Fransa'nın Cezayir'i işgali ve soykırımı tarihte bilinen ilk soykırımlardan biri olarak değerlendirilir, Hitler'in bu soykırımdan ilham aldığı düşünülür.
Avustralya'lı tarihçi Ben Kiernan 1830 yılından işgalin tamamlandığı 1875 yılına kadar soykırımın gölgesinde 825.000 yerli Cezayirli öldürüldü, demiştir. 1833' teki bir Fransız komisyonu; Şüphe üzerine yargılamadan insanları öldürdük, ölüme gönderdik, yapılanlar barbarlık ötesiydi yazmıştır. O dönem 3 milyon olan Cezayir nüfusunun 1 milyona yakını soykırımdan geçirilmiştir, o dönem rakamıyla 50 milyon frank değerindeki bütün mallarına el konulmuştur.
1830' dan 1962 yılına kadar işgalin son 8 yılında sadece paraşütçüler tarafından 24,000 Müslümanı işkenceden geçirip, 3024 kişiyi yargısız infazla öldürdüklerini generalleri Le Monde gazetesine 2000 yılında itiraf etmiştir. 1945 yılındaki Setif ve Guelma şehirlerinde 45,000 Cezayirli, Fransız askerleri tarafından öldürülmüştür, yargısız infaz görüntüleri internette bulunmaktadır. Katliamın sebebi ise sivillerin 2. Genel (Dünya) Savaşın bitimini Cezayir bayrakları ile kutlamalarıdır, göstericilerin üzerine makineli ateşi açılmıştır.
Fransa aynı zamanda Güney Afrika'da uygulanan türde etnik ayrımcılığı (apartheid) ilk uygulayandır. Kanton uygulamasıyla kullanılmadığı gerekçesiyle halkın topraklarına Fransız koloni yönetimi tarafından el konulmuş Arap ve Berberiler kurak çöllere sürülmüştür. Asimilasyon modeli olarak Arap ve Berberiler eşya (nesne) olarak görülüyor, vatandaşlık, oy kullanma, mahkeme gibi hakları bulunmuyordu buna karşın Cezayir, Fransa'nın bir parçası olarak yönetiliyordu.

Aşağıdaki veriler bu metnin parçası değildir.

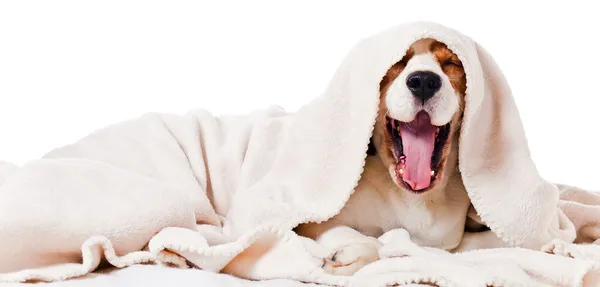 Yawning dog on white — Stock Photo, Image
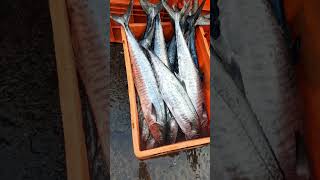 Kingfish export  seafood  fishing [upl. by Aneehta196]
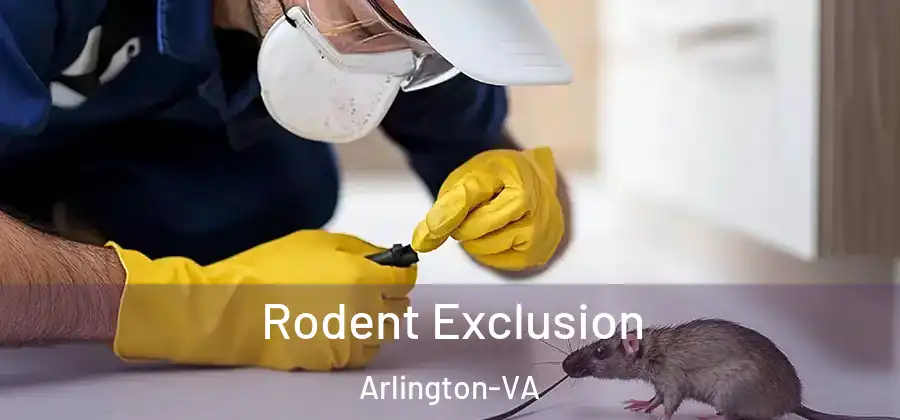 Rodent Exclusion Arlington-VA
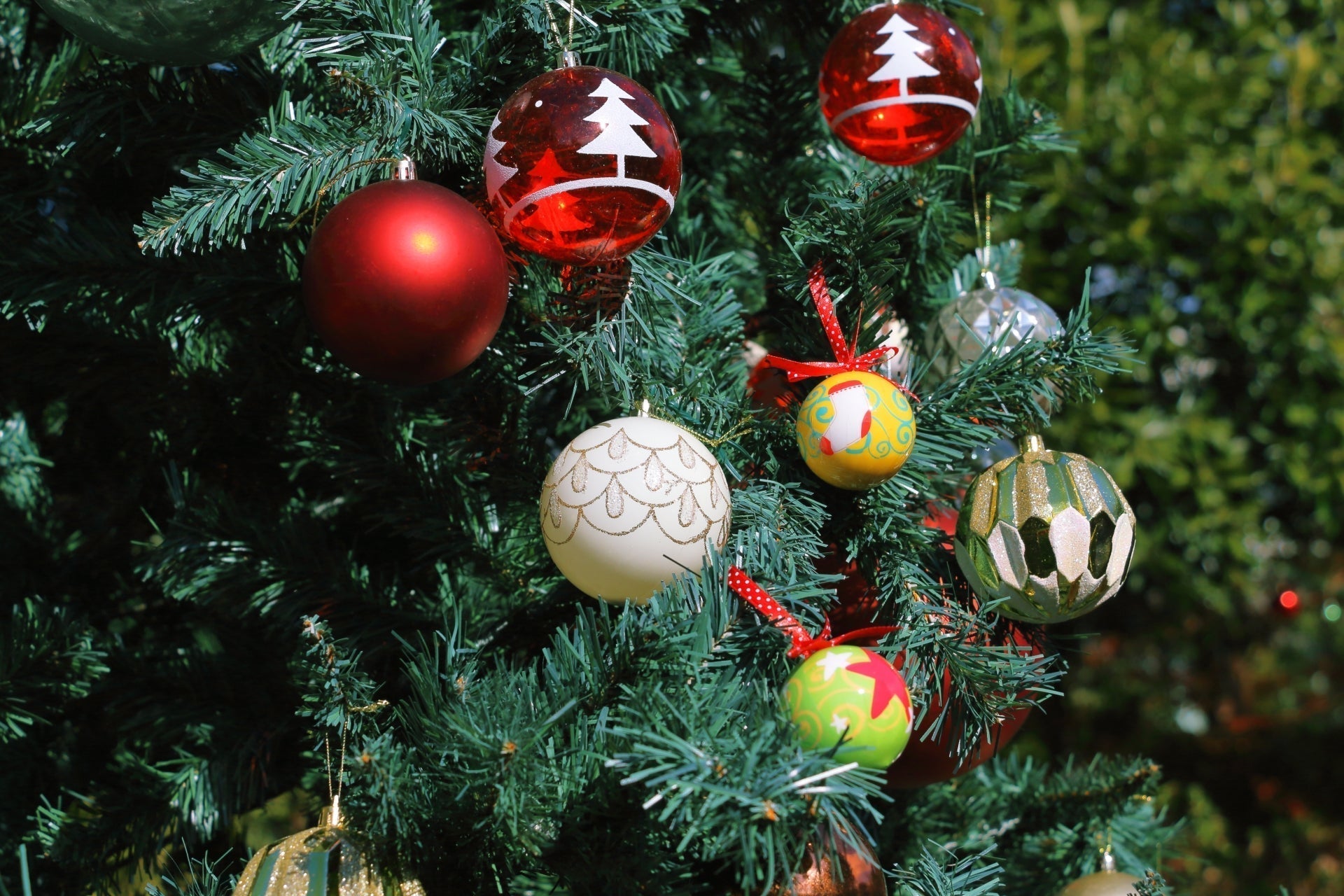 【クリスマスディナーを彩る】赤と緑のパスタから冬の根菜料理まで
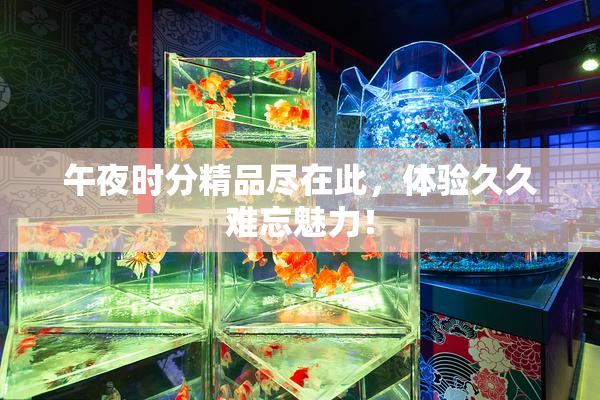 午夜时分精品尽在此，体验久久难忘魅力！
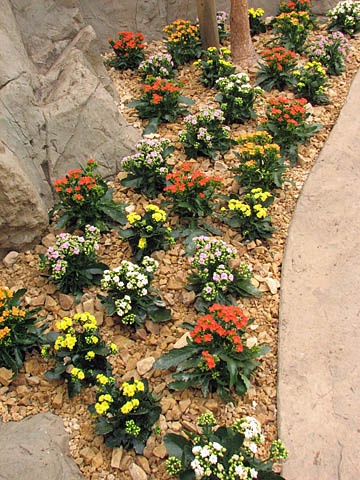 Colline alpine avec plantes à fleurs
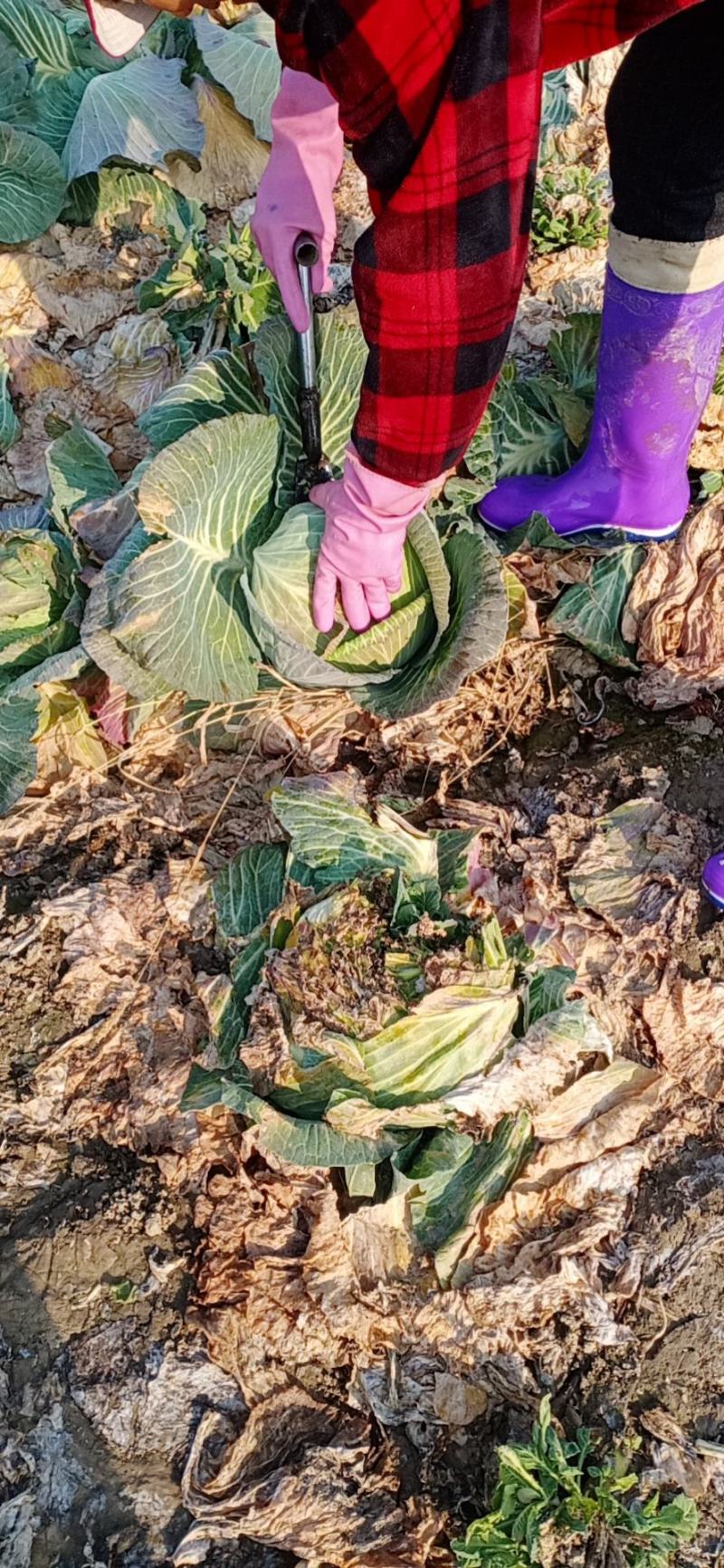【海量货源】湖北包菜，品质优良，物美价廉，欢迎订购！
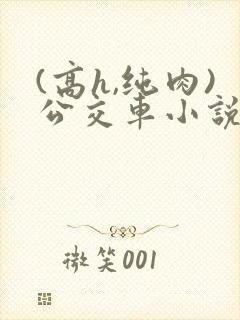 (高h,纯肉)公交车小说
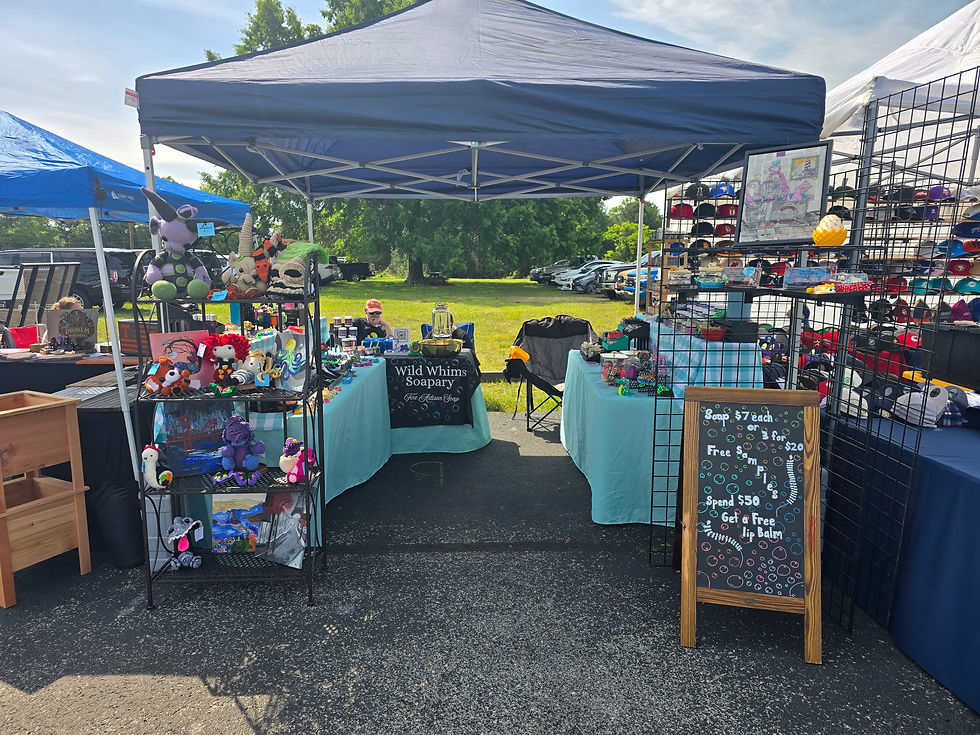 Picture of setup at festivals
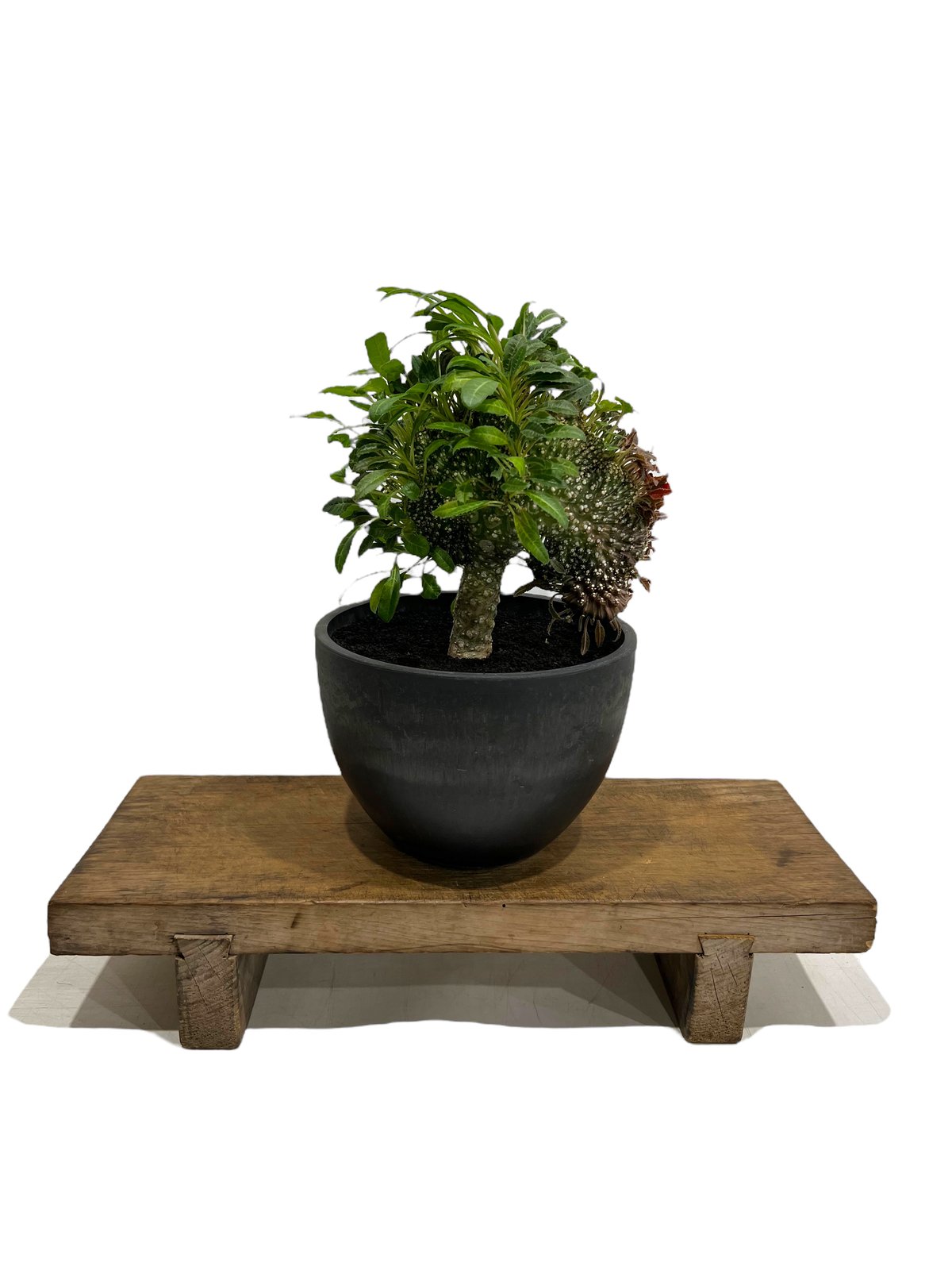 ドレステニア　ラブラニー　綴化(てっか) 現品 ドルステニア ラブラニー 綴化 + 陶器「Dorstenia lavrani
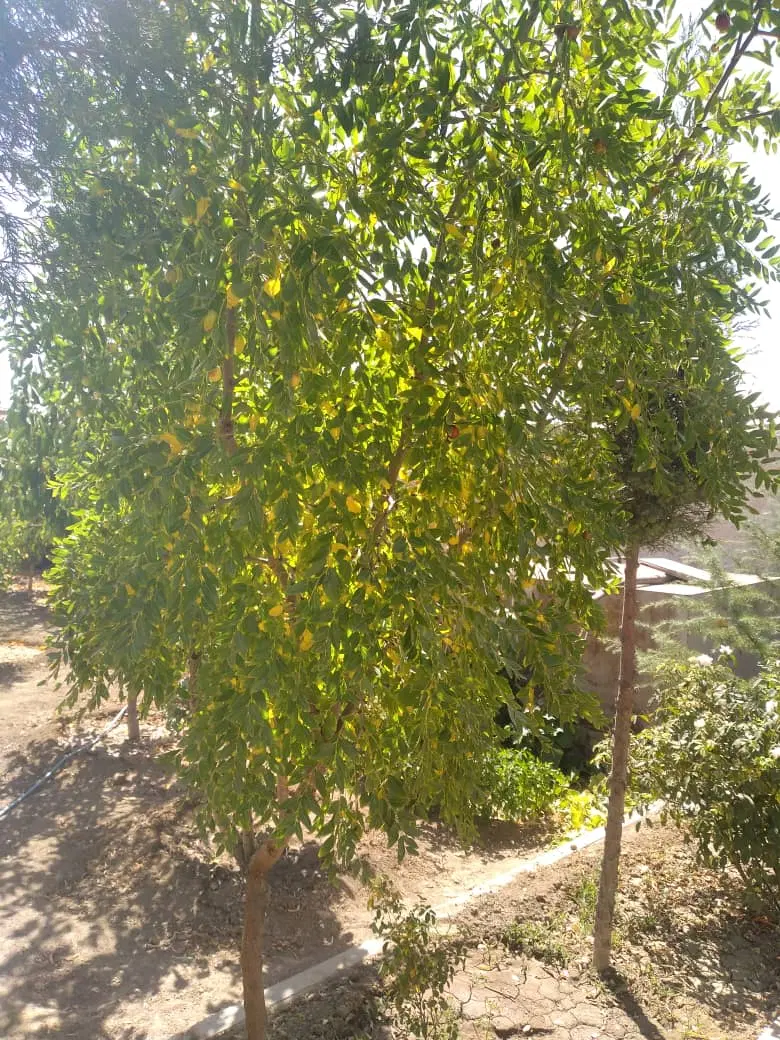 ویلا جاده سلماس بر اسفالت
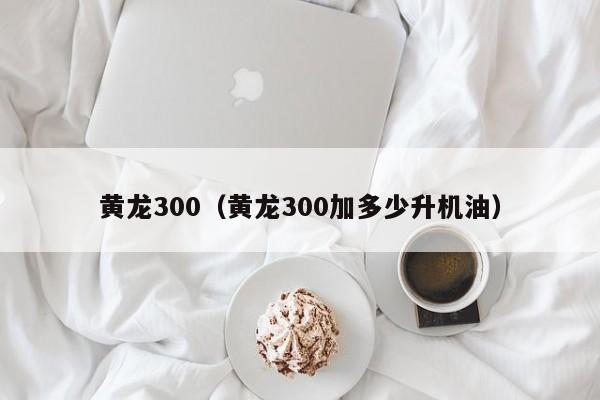 黄龙300（黄龙300加多少升机油）-图1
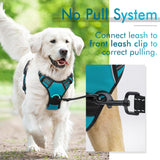 rabbitgoo Dog Harness, No-Pull Pet Harness with 2 Leash Clips, Adjustable Soft Padded Dog Vest, Reflective Outdoor Pet Oxford Vest with Easy Control Handle for Large Dogs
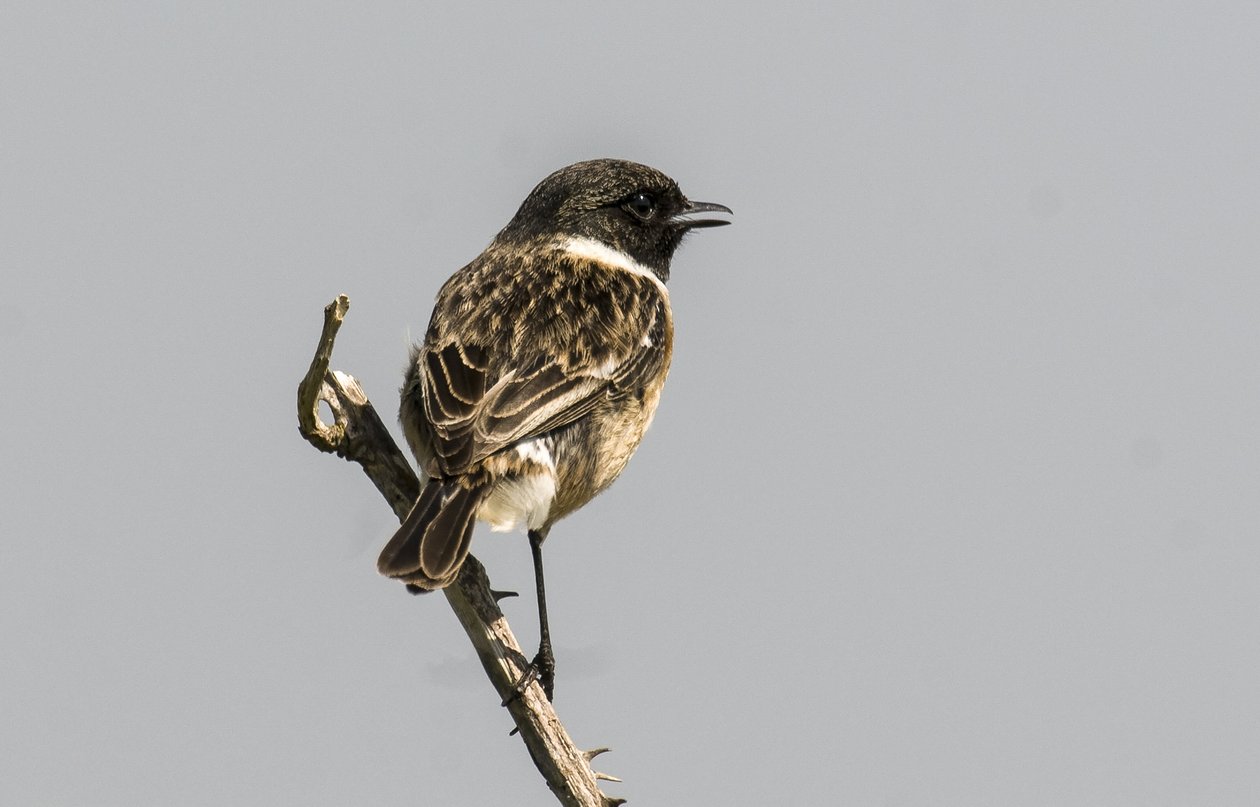 Saxicola torquata/Dawler/Common Stonechat द्वारा चार्ल्स हेनरी जोसेफ लीकरर्ट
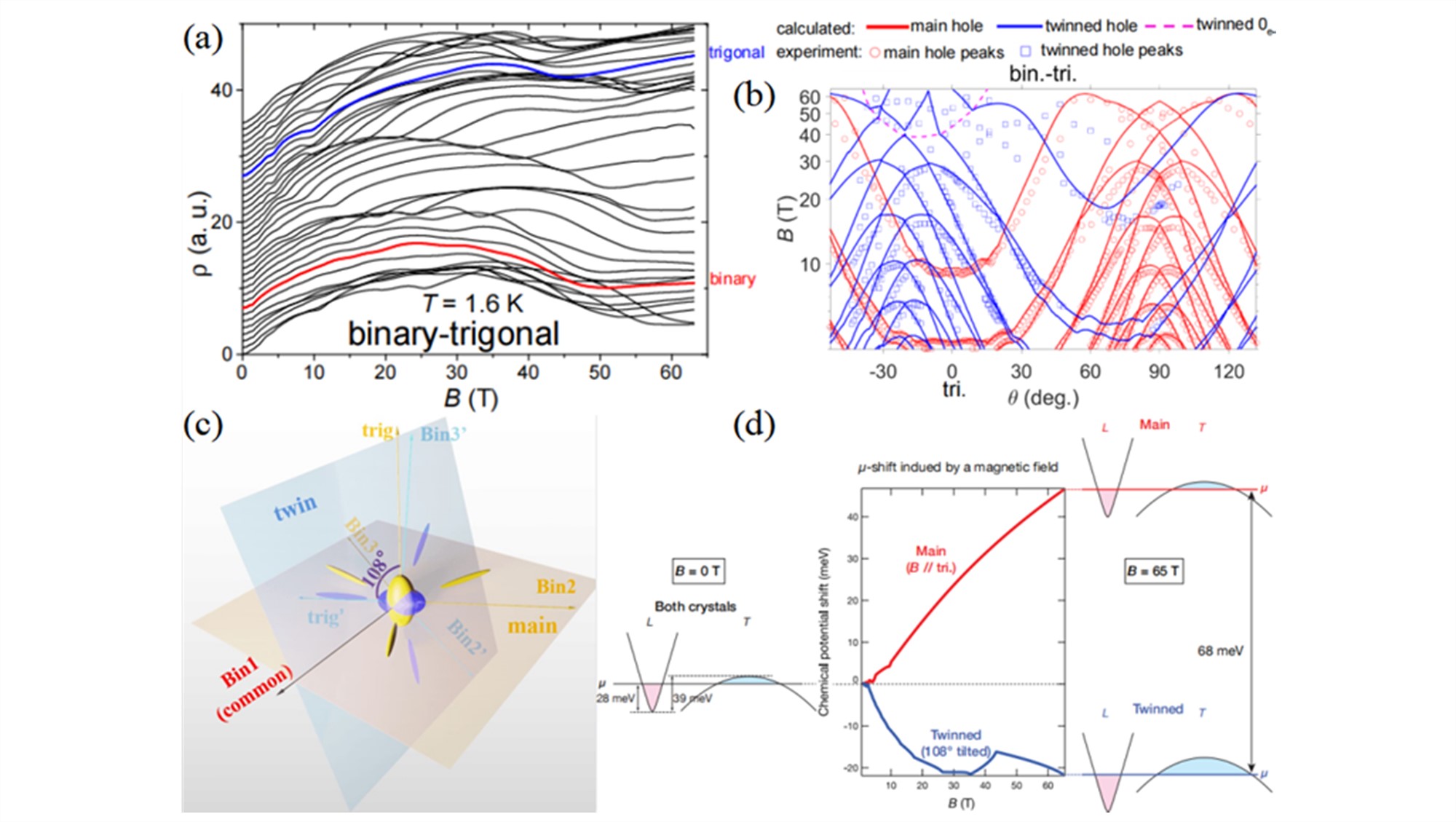 High-field immiscibility of electrons belonging to adjacent twinned bismuth c...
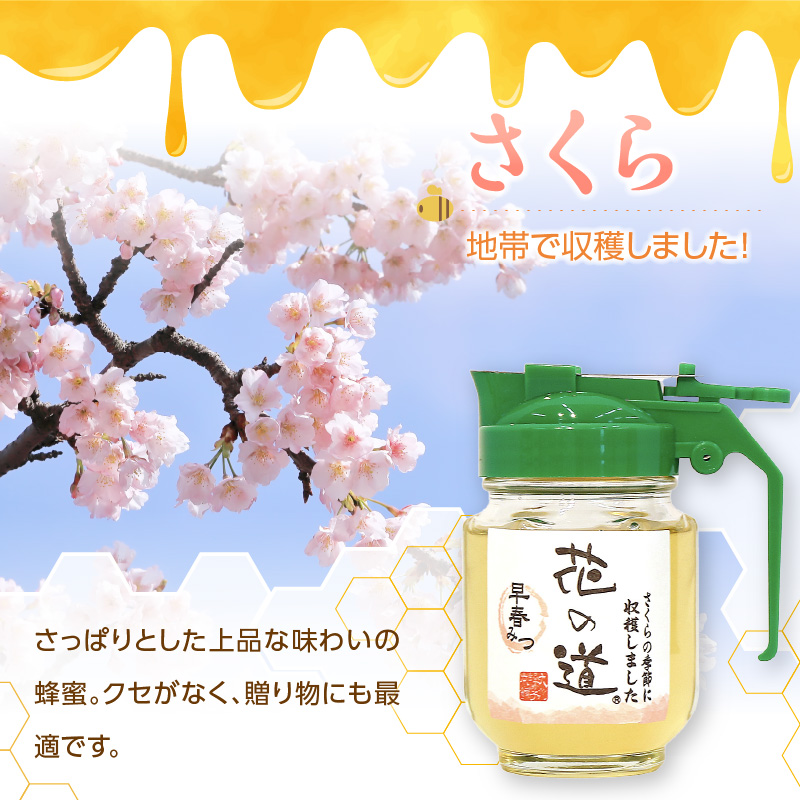 国産純粋蜂蜜 早春みつ 210g 非加熱 はちみつ ハチミツ 生はちみつ ローハニー オススメ 贈答 贈り物 プレゼント 八女市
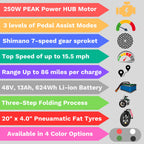 ENGWE L20 Fat Tyre Electric Bike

1830 yılında işgal edilen ve bağımsızlık mücadelesi başlatan Cezayir halkı, 1945 yılından sonraki yıllarda 1,5 milyondan fazla kurban vermiştir. 1962 yılında bağımsızlığını kazanan Cezayir'in nüfusu 10 milyon kişiydi. Rakamlar Cezayirli Müslüman halkın neredeyse %15 inin yeni bir soykırımdan geçirildiğini göstermektedir.
Fransa kanlı Cezayir işgaline gerekçe olarak Osmanlı'nın çöküş döneminde 1827 yılında fotoğraftaki toplantıda Cezayirli Dayı Hüseyin Paşa'nın Fransa konsolosunu elindeki yelpazeyle vurarak kovması olarak göstermiştir.
1915 olaylarını soykırım olarak parlamentosunda kabul eden ve itiraz edeni mahkemede cezalandıran, düşünce özgürlüğünün olmadığı Fransa'nın Cezayir'deki katliamlarını Türkiye maalesef soykırım olarak kabul etmemiş, tanımamıştır, Arapları, Berberileri yalnız bırakmıştır.